What is the greatest power of $x$ in a linear equation?
The greatest power of $x$ in a linear equation is 1.
There is no term in x² or any higher power.
What does 'isolate the variable' mean?
Isolate the variable means to get the variable term, e.g. $x$ , by itself on one side of the equation.
What are inverse operations?
Inverse operations are the opposite operations to what has already happened to the variable.
E.g. In the expression $4 x$ , $x$ is being multiplied by 4.
The inverse operation is to divide by 4.
Examples of inverse operations are:
- Add and subtract
- Multiply and divide
- Square and take the square root
True or False?
To solve a linear equation, e.g. $3 x + 4 = 13$ , you need to isolate the variable by carrying out inverse operations to both sides.
True.
To solve a linear equation, you need to isolate the variable, (get the letter on its own), by carrying out inverse operations to both sides.
E.g.
$3 x + 4 = 13 \begin{matrix} - 4 & - 4 \end{matrix} 3 x = 9 \div 3 \div 3 x = 3$
What is the order of inverse operations to solve a linear equation of the form $a x + b = c$ to find $x$ .
To solve a linear equation of the form $a x + b = c$ :
- First subtract $b$ from both sides
- Then divide both sides by $a$
True or False?
If a linear equation contains the unknown variable on both sides, you should first collect the variable terms on one side.

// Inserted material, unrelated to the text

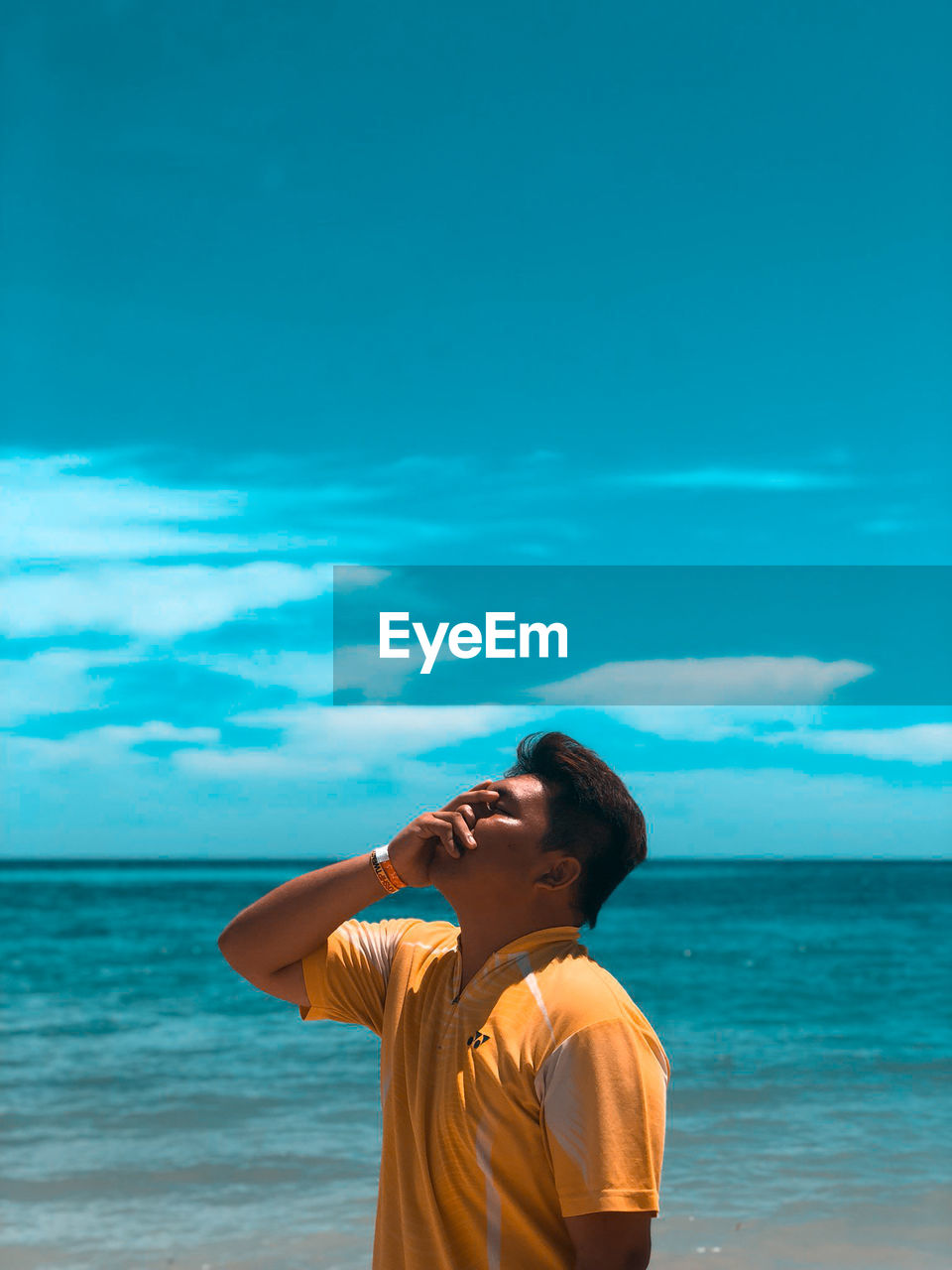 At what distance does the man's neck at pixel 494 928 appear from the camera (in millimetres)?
1655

E.g. $8 x + 7 = 2 x + 11$ .
True.
If a linear equation contains the unknown variable on both sides, you should first collect the variable terms on one side.
E.g.
$\begin{array}{rcl} 8 x + 7 & = & 2 x + 11 \\ 6 x + 7 & = & 11 \end{array}$
What is the first step to solve a linear equation with brackets?
E.g. $4 (x + 6) = 32$ .
The first step to solve a linear equation with brackets is to expand the brackets (on both sides if necessary).
E.g.
$\begin{array}{rcl} 4 (x + 6) & = & 32 \\ 4 x + 24 & = & 32 \end{array}$
What is the first step to solve a linear equation with fractions?
E.g. $\frac{x + 9}{2} = \frac{3 x - 1}{4}$ .

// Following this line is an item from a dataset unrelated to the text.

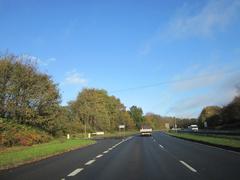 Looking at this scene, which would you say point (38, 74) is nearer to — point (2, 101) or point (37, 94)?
point (37, 94)

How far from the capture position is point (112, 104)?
432 feet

The first step to solve a linear equation with fractions is to remove the fractions by multiplying both sides by the denominators.
E.g.
$\begin{array}{rcl} \frac{x + 9}{2} & = & \frac{3 x - 1}{4} \\ 4 (x + 9) & = & 2 (3 x - 1) \end{array}$
After solving a linear equation, how can you check your answer to see if it is correct?
After solving a linear equation, you should substitute your answer back into the equation to check if it is correct.

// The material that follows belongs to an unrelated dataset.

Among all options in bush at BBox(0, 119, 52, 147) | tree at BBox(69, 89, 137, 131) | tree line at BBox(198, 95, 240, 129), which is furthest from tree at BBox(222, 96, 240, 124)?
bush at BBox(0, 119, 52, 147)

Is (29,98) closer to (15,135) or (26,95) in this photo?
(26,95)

This is a quick way to spot if you have made any mistakes.
Define the word inequality in algebra.
An inequality compares a left-hand side to a right-hand side and states which one is bigger, using the symbols $<, >, \leq, \geq$ .
Explain the meaning of the word linear in linear inequality.
The word linear in linear inequality means that the terms in the inequality are either constant numbers or terms in $x$ , but not terms in $x^{2}$ or $x^{3}$ etc.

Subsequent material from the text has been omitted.